There are times you really set yourself up for a creative workout. This WILD environment of paint and modernist collage shapes did not appear to be receptive to the addition of a figure. It was the scale of the collage pieces that encouraged me to place a large cropped pose on this sheet. I worked for quite a while (adding volume to the figure, embedding the collage more deeply into the page, making corrections on shapes) before I thought it might be successful.

 

The modernist-influenced abstract environment that ultimately became my Mermaid artwork.

The danger of course, is that you will tinker too long on your artwork and drain the life right out of it. You do not want to hide all the fierce marks that started your journey.

It is a balancing act, isn’t it? There are elements in your artwork that jump out at you needing adjustment and correction.

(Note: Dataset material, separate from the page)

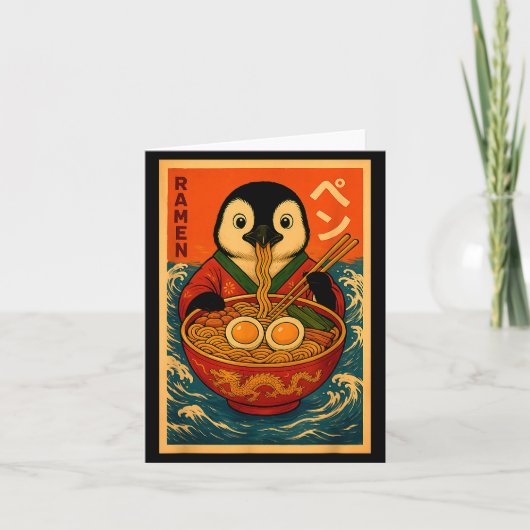 Penguin Eating Ramen Japanese Noodles Funny Kaart (Voorkant)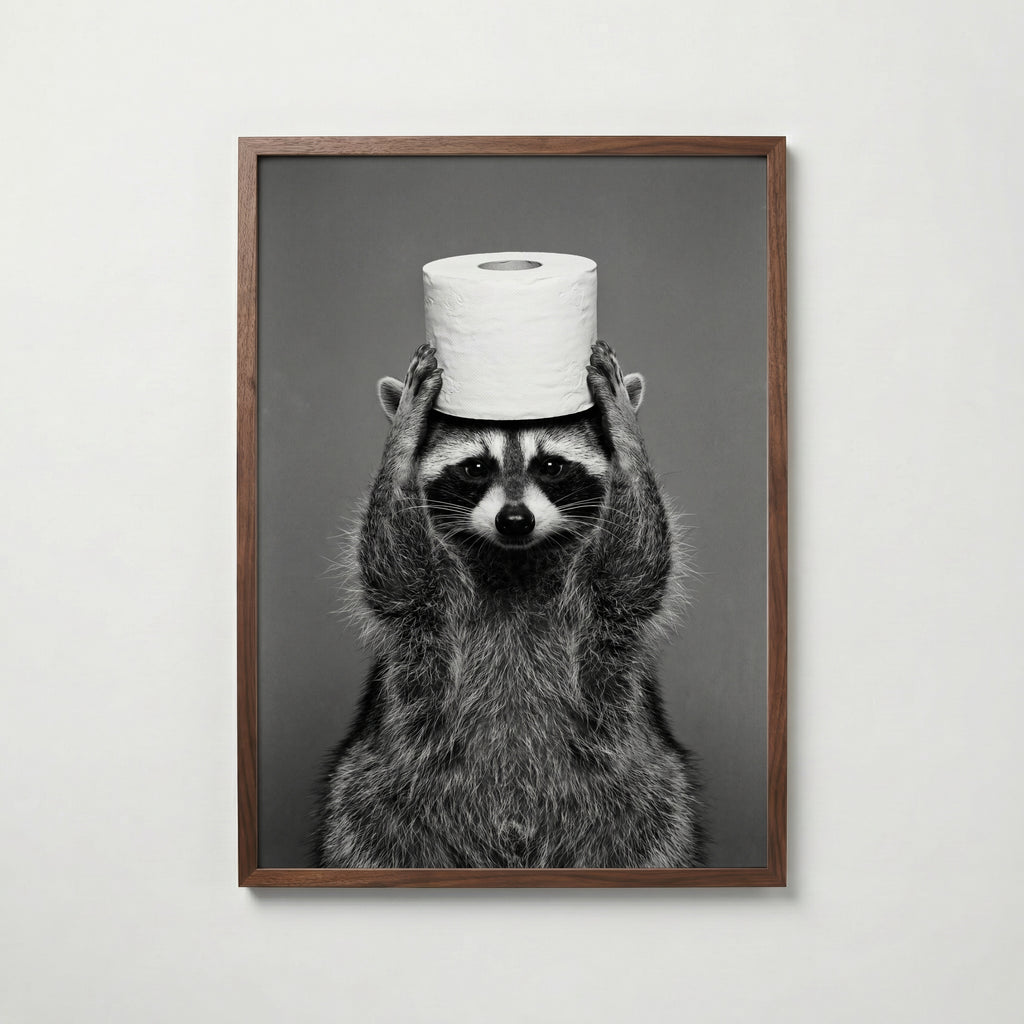 Bathroom Raccoon Poster – valnötsram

Yet so very often, one adjustment leads to another and pretty soon the whole house of cards collapses.

I have tried photographing my journey developing certain pieces to determine how and when this happens.  It is at the moment when the artwork becomes too precious, when the struggle for perfection overwhelms judgment and that struggle is clearly visible within my work. In those overworked areas FEAR comes across not the COURAGE, I value so greatly.

At that point, what can be done? I usually choose to do something radical, something that illustrates to myself that I am willing to sacrifice the artwork, or that I can live without it achieving perfection. That might be to turn the work in another direction, paint dark what I thought I needed to keep light, or deface a part of the work that I had previously loved. Believe it or not, that sort of reckless action can often help me reconnect with the art warrior who I know resides within.

To make the preliminary environment hospitable for my artwork, I had to quiet down some (but not all) of my original collage elements. That enabled me to find Mermaid.